You could tell the woman wanted to argue further, but what could she do -- call the cops instead of an ambulance? We all waited to see if that's what she would do. Instead, she shoved the phone into her pocket as she watched the boys stand up, quiet now, even the dog waiting to see. The dog who should have been dead, if you could believe Imani's story.

The car ride back home was completely silent. What I'd seen was hanging from the windows, it was billowing out into the air, it was streaming from the exhaust pipe. It jogged alongside us at every red light. As we passed right by Highland Hospital, Imani looked at me, and her sons, and kept right on driving. The boys were playing with some puzzle thing, absorbed as anything.

 

"How about some ice cream when we get home, guys?"

"Rocky Road, Mama?

"Strawberry?"

They should have been entering the age where they couldn't stand their mother, and definitely wouldn't be calling her "Mama." Her face softened when she heard that: blurred, then hardened again, then blurred as she turned off the freeway to home.

"Auntie-cousin Maricela, what kind of ice cream do you like?"


I hated ice cream. But the car was slowing down and pulling toward home, and I was putting together everything I knew from the boxes piled up and those lines that went nowhere and the boys walking away without a scratch from a fall that should have broken them into half a dozen pieces. And Dr. Severely and Luke Cage. And Raymond King and Octavius Brown. And so I smiled and said, "Strawberry and Rocky Road and whatever your mother's having. All in a big bowl."

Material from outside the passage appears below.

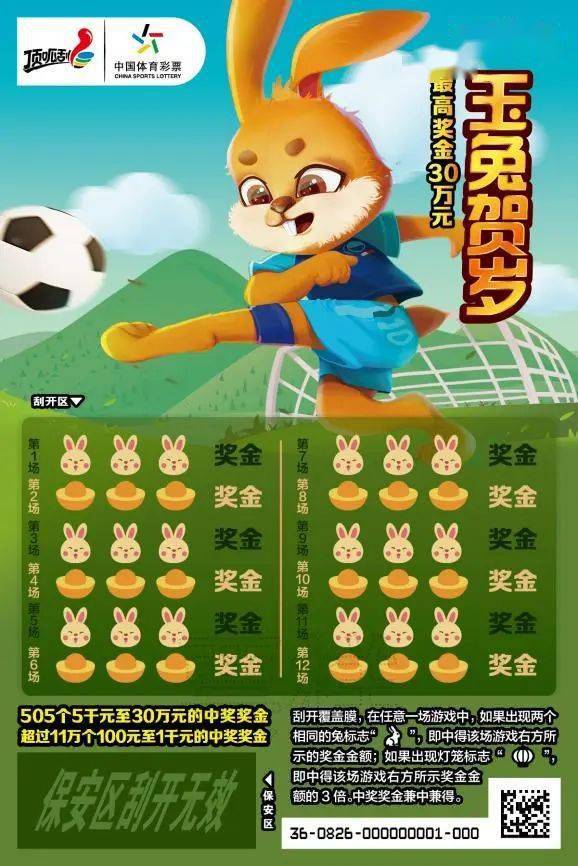 王中王一肖中特兔費(fèi)，探索關(guān)鍵詞背后的奧秘，探索關(guān)鍵詞王中王一肖中特兔費(fèi)背后的奧秘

Justus rushed into the house when we arrived, followed closely by David, running for the bathroom. Imani stood at the front door for a long time, and her body looked like it was fighting to bar me from the door and let me in and collapse on the sofa and sleep for a week. All of them together. My question tumbled out of me before I got inside the door. 


“Imani, are the boys … okay?”

“They’re going to be okay forever. I made sure of that.”

"What did you do?"

"You don't want to know."

And that was that. She held my gaze with hers, those eyes that shimmered with tears and dared me to challenge her, all in the same stare. She headed for the kitchen to serve the ice cream.

"Are they ever going to get older?

"No. They'll never get shot for reaching for their wallet either. Or wearing the wrong color shoes."

"They'll never fall in love. They'll never give you any grandchildren."

"What do I want with grandchildren I can't protect?"

"Who's going to take care of them when you're gone?"

"I'll figure it out.

"How could you do this?

"Think about the child you're growing. Might be the only child you'll ever have. Wouldn't you?"

This part of the conversation didn't even happen at all. Well, it did, but in my head. Like if I just didn't say it out loud it wouldn't be real. The little marks on the wall would climb higher and higher and someday the wall would get new lines and the names of grandbabies that Justus or David would lay in Imani's arms.

I came back the next week and they were gone. Emails bounced back, phone number disconnected, all social media deleted. I didn't know any of her father's family, not really, and anyway what would I say?

She sent her mother a postcard that year at Christmas. No message, no pictures of course: just their names. The boys' signatures look just like a ten-year-old's should. No return address.

I've never seen them since, not anywhere. Never heard from any of them. None of the family has. Sandra's memory has been fading, just a little; whenever she talked about the boys, they were always still ten years old. I like to think this was how her mind protected itself against what it knew -- or maybe she never knew at all. I've wondered so often why I'm the one who knows, why Imani let me come with them  that day, why she let me see anything of what she'd done. All I've come up with is this: I was the only one who might understand.

That day we went to Joaquin Miller was the last time I saw any of them. After awkward conversation over ice cream, they all three walked me to the door, polite as always. Imani had a hand around each boy's shoulders, and their heads reached almost to their mother's, the highest they would ever get to be.